Domestic team information
- 1979: Minor Counties South
- 1976: Minor Counties West
- 1966–1983: Wiltshire

Career statistics
| Competition | LA |
| Matches | 8 |
| Runs scored | 83 |
| Batting average | 10.37 |
| 100s/50s | –/– |
| Top score | 21 |
| Balls bowled | 407 |
| Wickets | 4 |
| Bowling average | 68.25 |
| 5 wickets in innings | – |
| 10 wickets in match | – |
| Best bowling | 1/24 |
| Catches/stumpings | –/– |
- Source: Cricinfo, 10 October 2010

= Richard Gulliver =

English cricketer (born 1942)

Richard James Gulliver (born 20 November 1942) is a former English cricketer. Gulliver was a left-handed batsman who bowled right-arm medium pace. He was born at Bowerchalke, Wiltshire.

Gulliver made his Minor Counties Championship debut for Wiltshire in 1966 against Berkshire. From 1966 to 1983, he represented the county in 98 Minor Counties Championship matches, the last of which came against Devon. He also represented Wiltshire in the MCCA Knockout Trophy. He played 3 matches for the county in that competition, 2 in 1983 which came against Norfolk and Cheshire and a single match in 1984 against Dorset.

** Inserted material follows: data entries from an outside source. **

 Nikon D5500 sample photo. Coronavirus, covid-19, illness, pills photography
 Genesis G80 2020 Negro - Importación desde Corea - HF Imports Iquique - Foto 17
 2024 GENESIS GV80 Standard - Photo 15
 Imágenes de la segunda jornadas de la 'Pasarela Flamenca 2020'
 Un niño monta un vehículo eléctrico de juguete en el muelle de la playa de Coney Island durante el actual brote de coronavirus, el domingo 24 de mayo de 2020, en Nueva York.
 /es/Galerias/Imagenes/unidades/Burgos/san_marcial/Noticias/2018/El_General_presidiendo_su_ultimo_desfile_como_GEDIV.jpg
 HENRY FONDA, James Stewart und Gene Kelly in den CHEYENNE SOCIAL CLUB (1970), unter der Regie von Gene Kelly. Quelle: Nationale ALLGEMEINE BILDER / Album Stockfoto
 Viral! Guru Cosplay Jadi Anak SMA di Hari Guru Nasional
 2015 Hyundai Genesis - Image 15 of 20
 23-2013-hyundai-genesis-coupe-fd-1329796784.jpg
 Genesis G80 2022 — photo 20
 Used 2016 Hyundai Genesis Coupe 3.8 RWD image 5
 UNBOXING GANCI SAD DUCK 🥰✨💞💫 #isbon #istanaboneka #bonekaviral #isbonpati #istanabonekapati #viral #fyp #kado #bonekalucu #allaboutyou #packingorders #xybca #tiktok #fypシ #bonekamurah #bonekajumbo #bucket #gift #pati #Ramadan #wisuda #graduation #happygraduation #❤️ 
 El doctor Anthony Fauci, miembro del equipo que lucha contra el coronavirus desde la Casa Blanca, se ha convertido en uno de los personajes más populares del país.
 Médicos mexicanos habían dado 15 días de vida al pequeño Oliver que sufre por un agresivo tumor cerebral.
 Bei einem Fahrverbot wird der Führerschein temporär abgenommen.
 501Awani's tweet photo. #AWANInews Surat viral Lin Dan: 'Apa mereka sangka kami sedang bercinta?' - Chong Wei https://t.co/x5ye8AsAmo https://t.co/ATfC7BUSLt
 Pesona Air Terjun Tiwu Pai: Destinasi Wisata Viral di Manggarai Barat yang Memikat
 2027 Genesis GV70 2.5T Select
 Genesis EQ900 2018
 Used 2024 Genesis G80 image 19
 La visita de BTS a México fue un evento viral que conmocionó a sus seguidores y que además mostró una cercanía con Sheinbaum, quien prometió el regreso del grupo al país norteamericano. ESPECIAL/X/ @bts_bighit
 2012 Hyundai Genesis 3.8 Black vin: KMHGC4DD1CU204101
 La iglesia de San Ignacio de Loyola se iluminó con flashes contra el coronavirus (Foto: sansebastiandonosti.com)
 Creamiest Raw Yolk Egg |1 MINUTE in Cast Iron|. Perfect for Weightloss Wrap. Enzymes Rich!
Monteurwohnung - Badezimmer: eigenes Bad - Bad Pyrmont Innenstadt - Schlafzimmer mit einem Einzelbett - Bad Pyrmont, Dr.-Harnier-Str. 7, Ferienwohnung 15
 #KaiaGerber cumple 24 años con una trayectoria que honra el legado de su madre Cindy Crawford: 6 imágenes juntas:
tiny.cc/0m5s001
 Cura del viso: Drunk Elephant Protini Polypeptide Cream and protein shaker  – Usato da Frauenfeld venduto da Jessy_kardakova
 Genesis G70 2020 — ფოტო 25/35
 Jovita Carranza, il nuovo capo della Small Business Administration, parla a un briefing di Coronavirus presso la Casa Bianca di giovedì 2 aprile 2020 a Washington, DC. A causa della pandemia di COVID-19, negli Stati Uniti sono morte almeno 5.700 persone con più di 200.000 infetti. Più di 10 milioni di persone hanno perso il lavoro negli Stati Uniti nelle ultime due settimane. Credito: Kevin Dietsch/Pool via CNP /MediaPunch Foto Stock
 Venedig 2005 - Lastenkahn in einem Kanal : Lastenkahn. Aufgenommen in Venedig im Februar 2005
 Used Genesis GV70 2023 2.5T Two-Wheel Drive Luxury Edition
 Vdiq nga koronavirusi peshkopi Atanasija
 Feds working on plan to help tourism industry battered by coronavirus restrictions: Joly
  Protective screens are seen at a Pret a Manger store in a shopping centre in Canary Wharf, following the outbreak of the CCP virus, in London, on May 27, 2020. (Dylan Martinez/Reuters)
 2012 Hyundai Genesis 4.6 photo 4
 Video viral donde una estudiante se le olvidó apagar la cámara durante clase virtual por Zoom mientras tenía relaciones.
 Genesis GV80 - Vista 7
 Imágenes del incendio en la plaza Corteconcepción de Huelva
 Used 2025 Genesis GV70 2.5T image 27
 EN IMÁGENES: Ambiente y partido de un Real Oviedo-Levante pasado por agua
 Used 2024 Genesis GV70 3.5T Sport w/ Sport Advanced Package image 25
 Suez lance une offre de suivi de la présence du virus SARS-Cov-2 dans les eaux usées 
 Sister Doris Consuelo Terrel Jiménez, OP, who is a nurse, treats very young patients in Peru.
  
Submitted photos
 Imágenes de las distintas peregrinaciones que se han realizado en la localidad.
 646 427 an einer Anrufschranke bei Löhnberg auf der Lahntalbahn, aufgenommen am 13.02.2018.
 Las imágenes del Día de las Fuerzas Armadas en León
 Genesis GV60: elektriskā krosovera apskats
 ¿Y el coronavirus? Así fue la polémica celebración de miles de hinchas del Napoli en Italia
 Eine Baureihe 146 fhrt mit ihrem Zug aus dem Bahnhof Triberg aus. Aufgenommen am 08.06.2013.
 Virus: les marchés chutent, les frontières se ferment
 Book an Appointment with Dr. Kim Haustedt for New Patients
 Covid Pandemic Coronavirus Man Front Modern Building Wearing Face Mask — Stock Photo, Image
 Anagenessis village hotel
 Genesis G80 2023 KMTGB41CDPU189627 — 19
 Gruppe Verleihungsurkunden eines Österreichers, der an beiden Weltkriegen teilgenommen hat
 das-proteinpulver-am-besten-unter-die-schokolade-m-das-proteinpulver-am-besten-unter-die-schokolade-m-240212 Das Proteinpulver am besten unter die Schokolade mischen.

Gulliver also represented Wiltshire in List A matches. His debut List A match came against Essex in the 1969 Gillette Cup, followed by 2 further List A matches, both against Hampshire in the 1972 and 1973 Gillette Cup. His fourth and final List A appearance for Wiltshire came against Northamptonshire in the 1983 NatWest Trophy. Gulliver also represented Minor Counties West in 3 List A matches in the 1976 Benson and Hedges Cup. In 1979, he played a single List A match for Minor Counties South in the Benson and Hedges Cup against Gloucestershire. In his combined List A matches, he scored 83 runs at a batting average of 10.37, with a high score of 21. With the ball he took 4 wickets at a bowling average of 68.25, with best figures of 1/24.